Varshangalkku Shesham review: A tale that revolves around friendship and cinema seems to be a match made in heaven, especially when it is written and directed by someone who grew up in the film industry and casts his friends as the actors. Actor, writer and director Vineeth Sreenivasan (actor-filmmaker Sreenivasan’s son) has chosen to cast his brother, Dhyan Sreenivasan as Venu and his friend, Pranav Mohanlal (Mohanlal’s son) as Murali, the two friends which Varshangalkku Shesham revolves around. (Also Read: Aavesham movie review: Fahadh Faasil makes this gangster comedy outstanding)

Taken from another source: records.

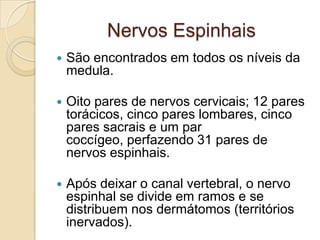 Nervos Espinhais
   São encontrados em todos os níveis da
    medula.

   Oito pares de nervos cervicais; 12 pares
    torácicos, cinco pares lombares, cinco
    pares sacrais e um par
    coccígeo, perfazendo 31 pares de
    nervos espinhais.

   Após deixar o canal vertebral, o nervo
    espinhal se divide em ramos e se
    distribuem nos dermátomos (territórios
    inervados).
 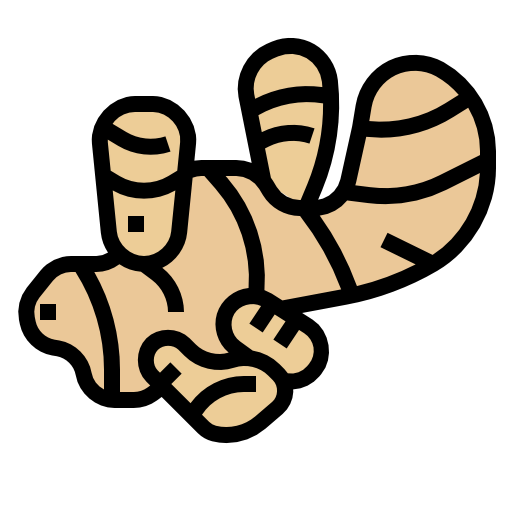 Ginger icon
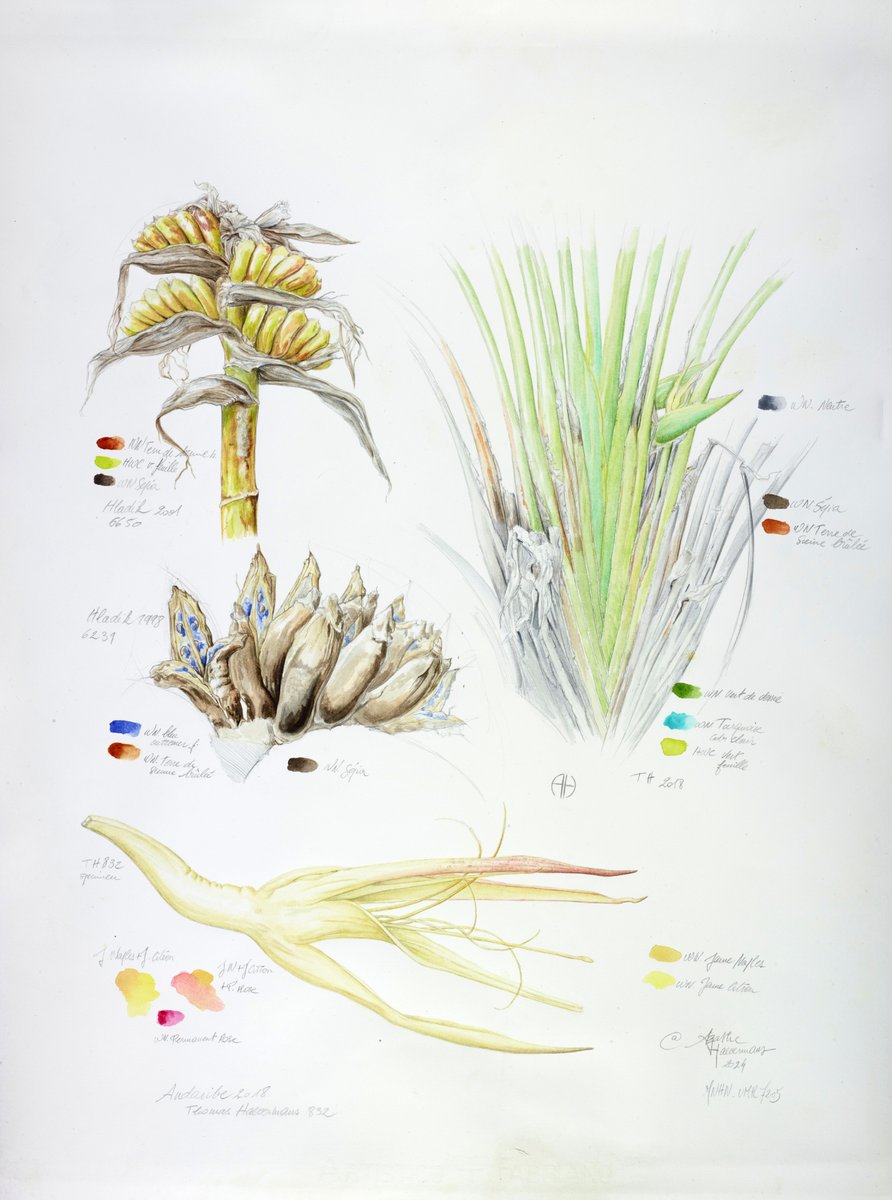 🌿Voici non pas un palmier, mais une herbacée. Ses graines sont bleues. Et jusqu’en 2021, on pensait qu’il n’existait qu’une seule espèce de son genre !
Direction les Grandes Serres du Jardin des Plantes pour admirer l'arbre du voyageur 👉 mnhn.fr/fr/arbre-du-vo…
#AutomneTropical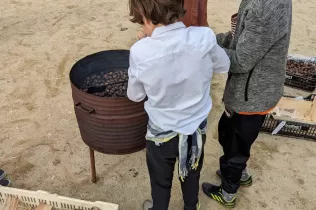 Alumnes de 6è coient les castanyes pels seus companys i companyes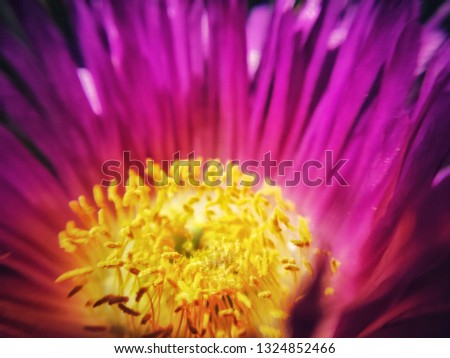 Similar – Foto Bild Nahaufnahme einer Blüte mit weißen und rosa Blütenblättern von Helipterum roseum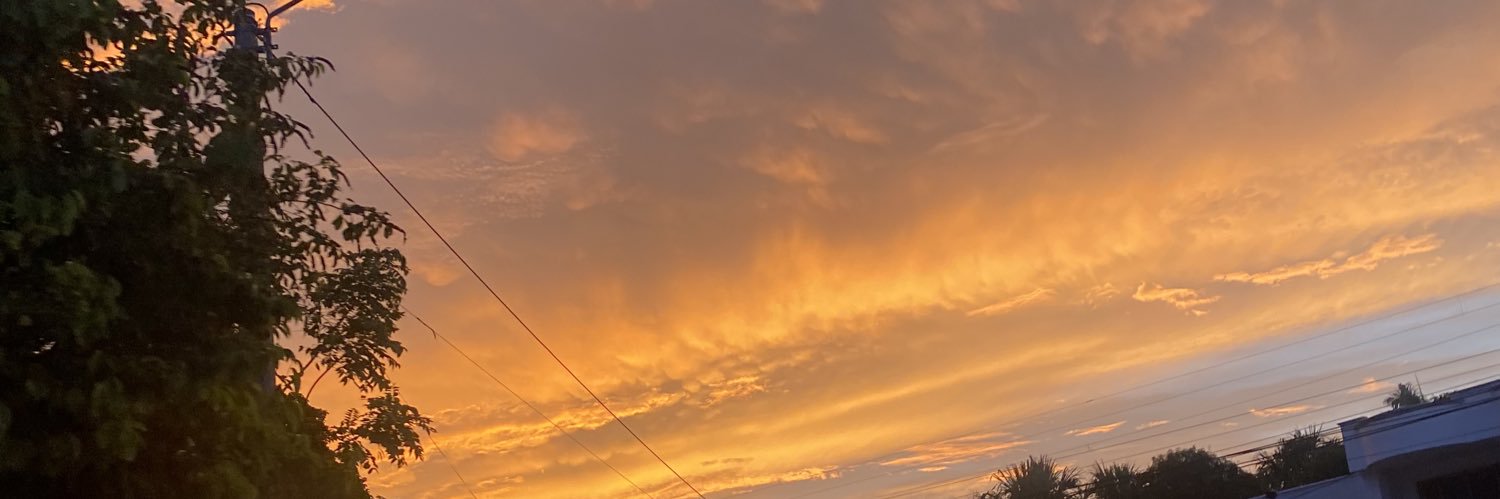carolopezbertel's profile banner image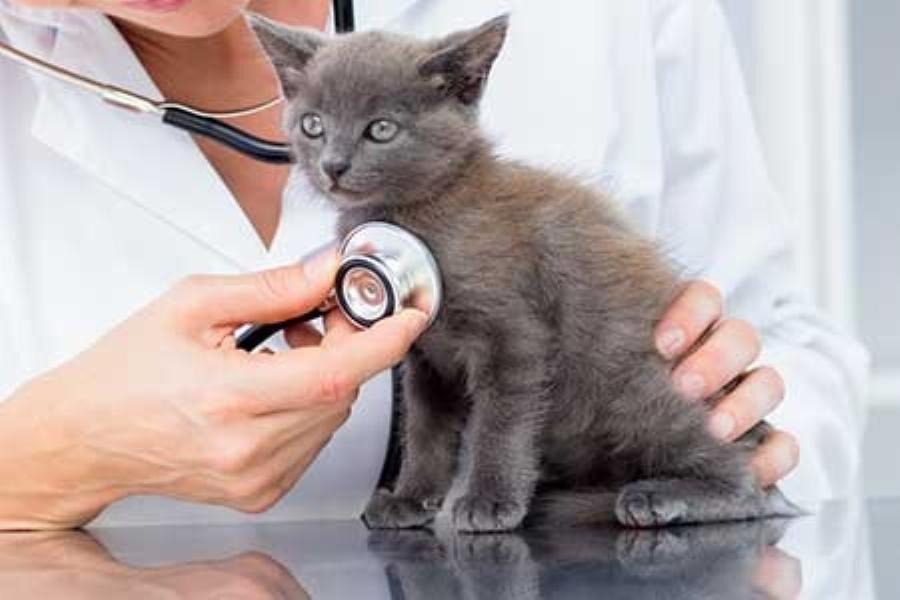 10 ερωτήσεις που πρέπει οπωσδήποτε να κάνετε στον κτηνίατρο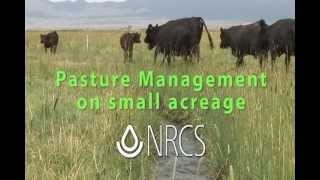 Small Pasture Management cc [upl. by Wendalyn]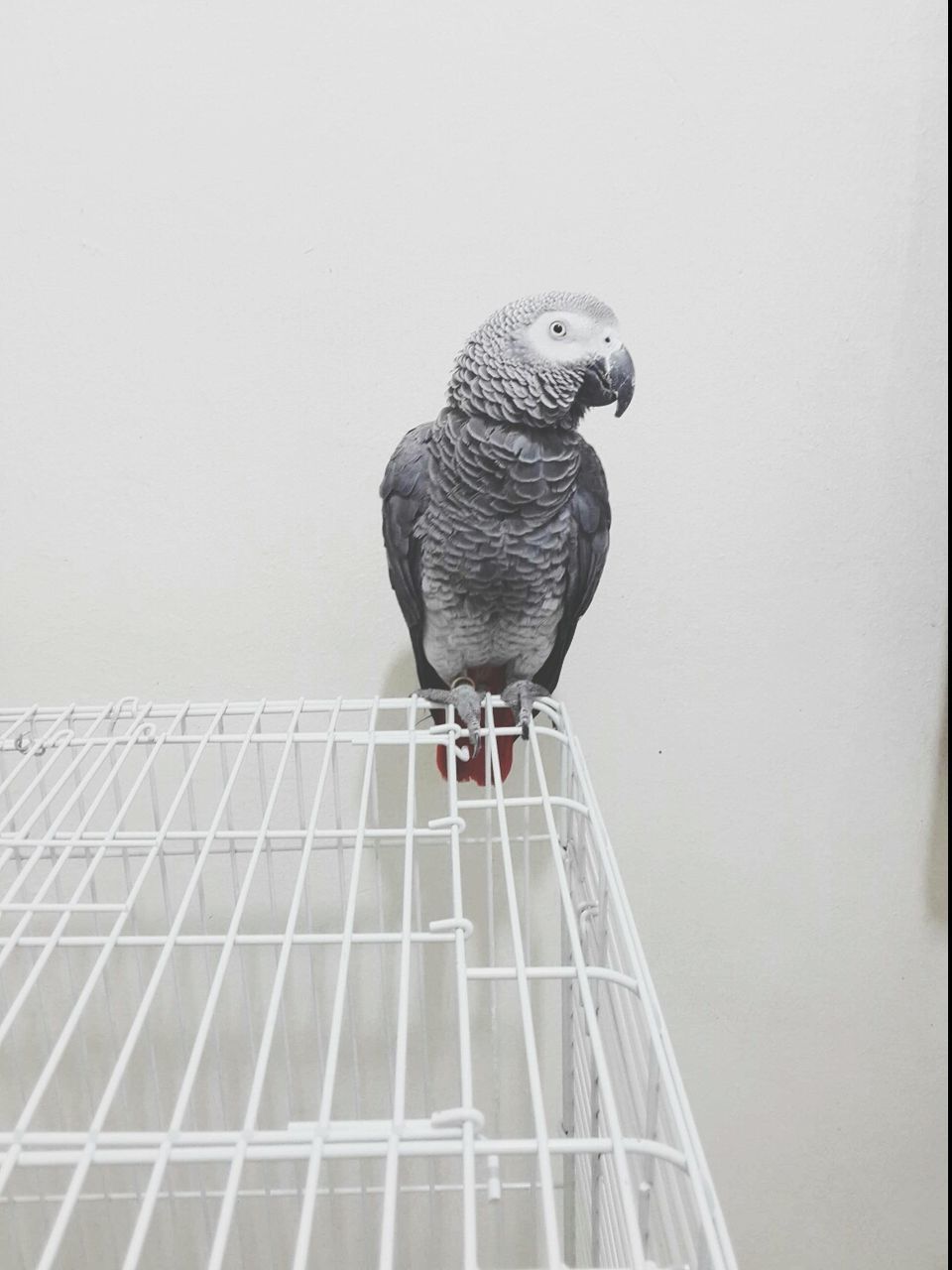 one animal, bird, animal themes, low angle view, copy space, clear sky, built structure, architecture, animals in the wild, wildlife, perching, day, building exterior, no people, outdoors, full length, metal, wall - building feature, close-up, art and craft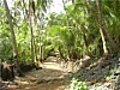Guyane, de la forêt au bagne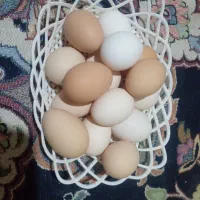 تخم مرغ محلی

While this story explores two friends and their lives in the movie world between from the 1970s to several decades later, it is quite different from any of the previous films that have been released in recent times.
The plot
As a teenager in Kannur, Venu is an aspiring writer who is hopeless at studies and whiles away his time with Shakespeare Shekar’s theatre troupe. Meanwhile, Murali is a musician (violinist) who wants to be a ghazal music composer and ekes out a meagre living, playing at events, which he blows up on alcohol. They both have dreams of making it big one day in their different fields and one fine day, decide to move to Madras to try their luck with cinema.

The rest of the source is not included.